Coeffiecient of Kinetic Friction problem? (Shuffleboard and Distance traveled)

[glindawantsme]

Coeffiecient of Kinetic Friction problem? (Shuffleboard and Distance traveled)

Homework Statement

A shuffleboard disk is accelerated to a speed of 5.8m/s and released. If the coefficient of kinetic friction between the disk and the concrete court is 0.31, how far does the disk go before it comes to a stop? The courts are 15.8m long.

Known info:
vi = 5.8m/s
vf = 0m/s
$$\mu$$_k = 0.31

Homework Equations

I have no idea!

The Attempt at a Solution

So, I originally tried vf² = vi²+ 2a$$\Delta$$d, but that would make no sense because I used 15.8 as the distance but then the problem would be solved...

 

[tiny-tim]

Welcome to PF!

A shuffleboard disk is accelerated to a speed of 5.8m/s and released. If the coefficient of kinetic friction between the disk and the concrete court is 0.31, how far does the disk go before it comes to a stop? The courts are 15.8m long.
…
So, I originally tried vf² = vi²+ 2a$$\Delta$$d, but that would make no sense because I used 15.8 as the distance but then the problem would be solved...

Hi glindawantsme! Welcome to PF!

(have a delta: ∆ )

Yes, that is the right equation …

So what is vf? what is vi? and what is a?
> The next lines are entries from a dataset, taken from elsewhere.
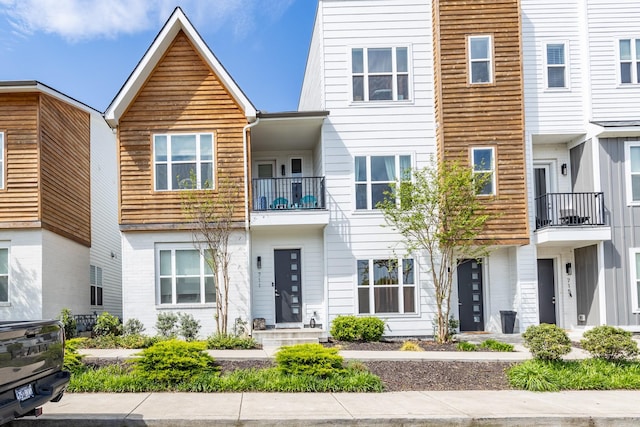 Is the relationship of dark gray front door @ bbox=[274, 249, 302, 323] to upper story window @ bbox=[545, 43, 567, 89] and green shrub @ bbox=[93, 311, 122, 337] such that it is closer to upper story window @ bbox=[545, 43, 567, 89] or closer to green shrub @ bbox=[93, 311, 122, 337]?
green shrub @ bbox=[93, 311, 122, 337]

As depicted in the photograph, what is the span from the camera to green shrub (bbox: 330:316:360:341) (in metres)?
15.2

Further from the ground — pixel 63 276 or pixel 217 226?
pixel 217 226

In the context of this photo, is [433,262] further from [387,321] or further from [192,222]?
[192,222]

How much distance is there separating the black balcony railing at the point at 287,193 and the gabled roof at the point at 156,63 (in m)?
2.14

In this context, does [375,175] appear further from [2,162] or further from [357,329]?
[2,162]

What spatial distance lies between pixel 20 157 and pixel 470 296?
1307cm

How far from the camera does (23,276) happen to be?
15.6 m

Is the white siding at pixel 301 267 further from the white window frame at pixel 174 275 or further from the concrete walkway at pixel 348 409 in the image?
the concrete walkway at pixel 348 409

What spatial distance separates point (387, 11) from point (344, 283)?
25.9ft

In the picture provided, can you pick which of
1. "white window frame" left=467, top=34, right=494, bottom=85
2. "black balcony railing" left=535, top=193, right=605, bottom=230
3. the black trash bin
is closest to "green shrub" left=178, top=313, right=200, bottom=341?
the black trash bin

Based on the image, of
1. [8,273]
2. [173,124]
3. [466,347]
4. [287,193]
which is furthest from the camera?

Put them all in, and find ∆d.

 

[baba89]

Hello,

To solve this problem, you can use the equation F = µkN, where F is the force of kinetic friction, µk is the coefficient of kinetic friction, and N is the normal force. The normal force in this case is equal to the weight of the disk, which can be calculated using the formula Fg = mg, where m is the mass of the disk and g is the acceleration due to gravity (9.8 m/s^2).

Once you have calculated the force of kinetic friction, you can use Newton's second law, F = ma, to find the acceleration of the disk. Then, you can use the equation vf = vi + at to find the time it takes for the disk to come to a stop.

Finally, you can use the equation d = vit + 1/2at^2 to find the distance traveled by the disk before it comes to a stop. Remember to use the time calculated in the previous step and the initial velocity of 5.8 m/s.

I hope this helps! Let me know if you have any further questions.